Alias for :func:`torch.log1p`.
""",
)

sinc = _add_docstr(
    _special.special_sinc,
    r"""
sinc(input, *, out=None) -> Tensor

Computes the normalized sinc of :attr:`input.`

.. math::
    \text{out}_{i} =
    \begin{cases}
      1, & \text{if}\ \text{input}_{i}=0 \\
      \sin(\pi \text{input}_{i}) / (\pi \text{input}_{i}), & \text{otherwise}
    \end{cases}
"""
    + r"""

Args:
    {input}

Keyword args:
    {out}

Example::

    >>> t = torch.randn(4)
    >>> t
    tensor([ 0.2252, -0.2948,  1.0267, -1.1566])
    >>> torch.special.sinc(t)
    tensor([ 0.9186,  0.8631, -0.0259, -0.1300])
""".format(**common_args),
)

round = _add_docstr(
    _special.special_round,
    r"""
round(input, *, out=None) -> Tensor

Alias for :func:`torch.round`.
""",
)

softmax = _add_docstr(
    _special.special_softmax,
    r"""
softmax(input, dim, *, dtype=None) -> Tensor

Computes the softmax function.

Softmax is defined as:

:math:`\text{Softmax}(x_{i}) = \frac{\exp(x_i)}{\sum_j \exp(x_j)}`

It is applied to all slices along dim, and will re-scale them so that the elements
lie in the range `[0, 1]` and sum to 1.

Args:
    input (Tensor): input
    dim (int): A dimension along which softmax will be computed.
    dtype (:class:`torch.dtype`, optional): the desired data type of returned tensor.
        If specified, the input tensor is cast to :attr:`dtype` before the operation
        is performed. This is useful for preventing data type overflows. Default: None.

Examples::
    >>> t = torch.ones(2, 2)
    >>> torch.special.softmax(t, 0)
    tensor([[0.5000, 0.5000],
            [0.5000, 0.5000]])

""",
)

log_softmax = _add_docstr(
    _special.special_log_softmax,
    r"""
log_softmax(input, dim, *, dtype=None) -> Tensor

Computes softmax followed by a logarithm.

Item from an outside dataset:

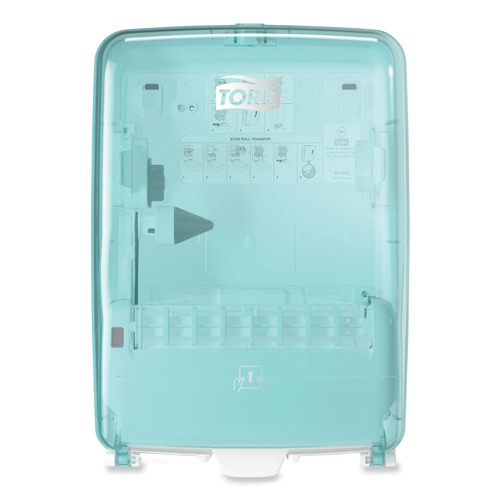 Cleaning & Janitorial Supplies | Tork 651220 12.56 in. x 10.57 in. x 18.09 in. Washstation Dispenser - Aqua/White image number 0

While mathematically equivalent to log(softmax(x)), doing these two
operations separately is slower and numerically unstable. This function
is computed as:

.. math::
    \text{log\_softmax}(x_{i}) = \log\left(\frac{\exp(x_i) }{ \sum_j \exp(x_j)} \right)
"""
    + r"""

Args:
    input (Tensor): input
    dim (int): A dimension along which log_softmax will be computed.
    dtype (:class:`torch.dtype`, optional): the desired data type of returned tensor.
        If specified, the input tensor is cast to :attr:`dtype` before the operation
        is performed. This is useful for preventing data type overflows. Default: None.

Example::

    >>> t = torch.ones(2, 2)
    >>> torch.special.log_softmax(t, 0)
    tensor([[-0.6931, -0.6931],
            [-0.6931, -0.6931]])
""",
)

zeta = _add_docstr(
    _special.special_zeta,
    r"""
zeta(input, other, *, out=None) -> Tensor

Computes the Hurwitz zeta function, elementwise.

.. math::
    \zeta(x, q) = \sum_{k=0}^{\infty} \frac{1}{(k + q)^x}

"""
    + r"""
Args:
    input (Tensor): the input tensor corresponding to `x`.
    other (Tensor): the input tensor corresponding to `q`.

.. note::
    The Riemann zeta function corresponds to the case when `q = 1`

Keyword args:
    {out}

Example::

    >>> x = torch.tensor([2., 4.])
    >>> torch.special.zeta(x, 1)
    tensor([1.6449, 1.0823])
    >>> torch.special.zeta(x, torch.tensor([1., 2.]))
    tensor([1.6449, 0.0823])
    >>> torch.special.zeta(2, torch.tensor([1., 2.]))
    tensor([1.6449, 0.6449])
""".format(**common_args),
)

multigammaln = _add_docstr(
    _special.special_multigammaln,
    r"""
multigammaln(input, p, *, out=None) -> Tensor

Computes the `multivariate log-gamma function
<https://en.wikipedia.org/wiki/Multivariate_gamma_function>`_ with dimension
:math:`p` element-wise, given by

.. math::
    \log(\Gamma_{p}(a)) = C + \displaystyle \sum_{i=1}^{p} \log\left(\Gamma\left(a - \frac{i - 1}{2}\right)\right)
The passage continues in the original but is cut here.